*Problem to work on*. Please transcribe the listing that follows exactly; images are to be excluded.
── Dataset content
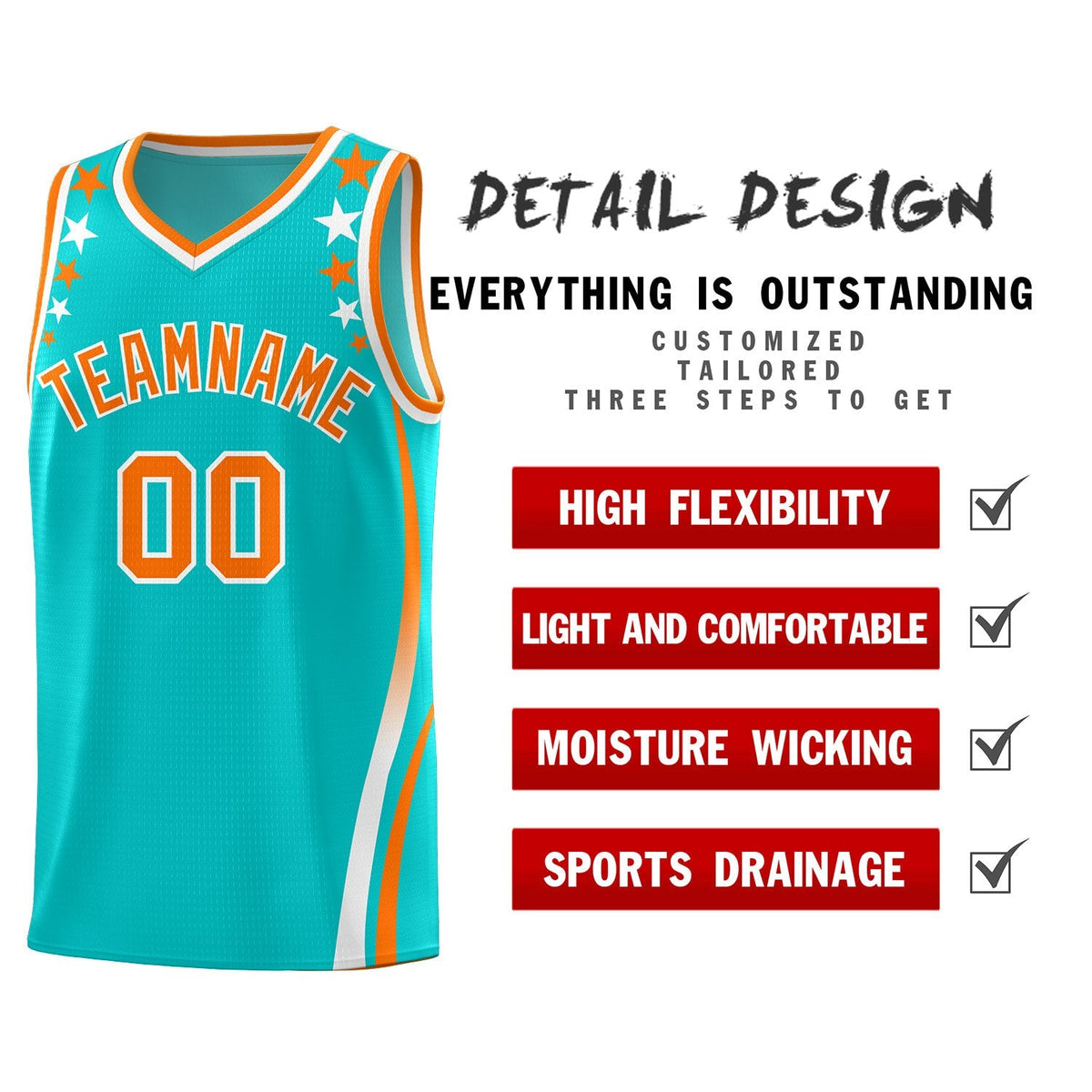 Custom Sky Blue Shoulders Star Pattern Side Color Block Sports Uniform Basketball Kits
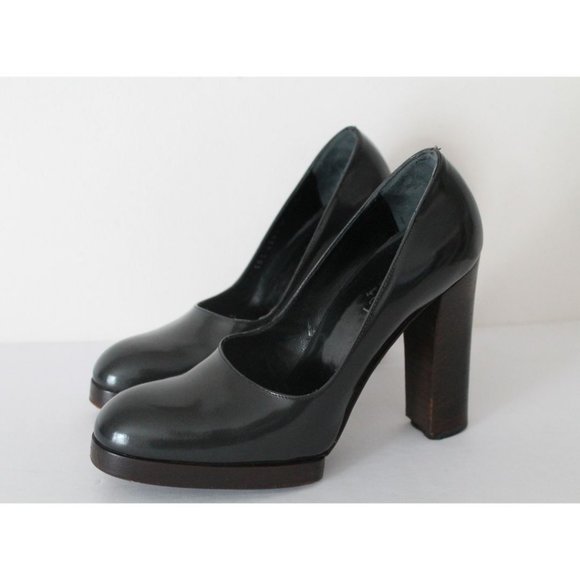 Gucci by Tom Ford 1998 F/W Runway Leather Pumps Dark Grey Size 6.5 Vintage - Picture 2 of 10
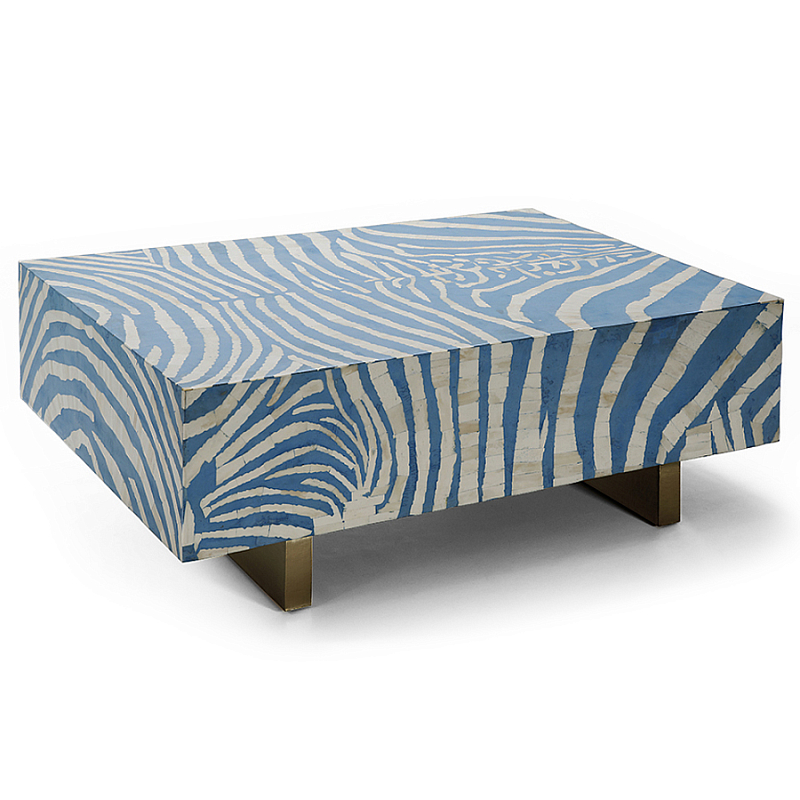 Кофейный стол Kenya Coffee Table Bone Inlay ZEBRA blue ivory ( слоновая кость ) Голубой Золотой в Кирове | Loft Concept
────
*Answer box*.
 Custom Sky Blue Shoulders Star Pattern Side Color Block Sports Uniform Basketball Kits
 Gucci by Tom Ford 1998 F/W Runway Leather Pumps Dark Grey Size 6.5 Vintage - Picture 2 of 10
 Кофейный стол Kenya Coffee Table Bone Inlay ZEBRA blue ivory ( слоновая кость ) Голубой Золотой в Кирове | Loft Concept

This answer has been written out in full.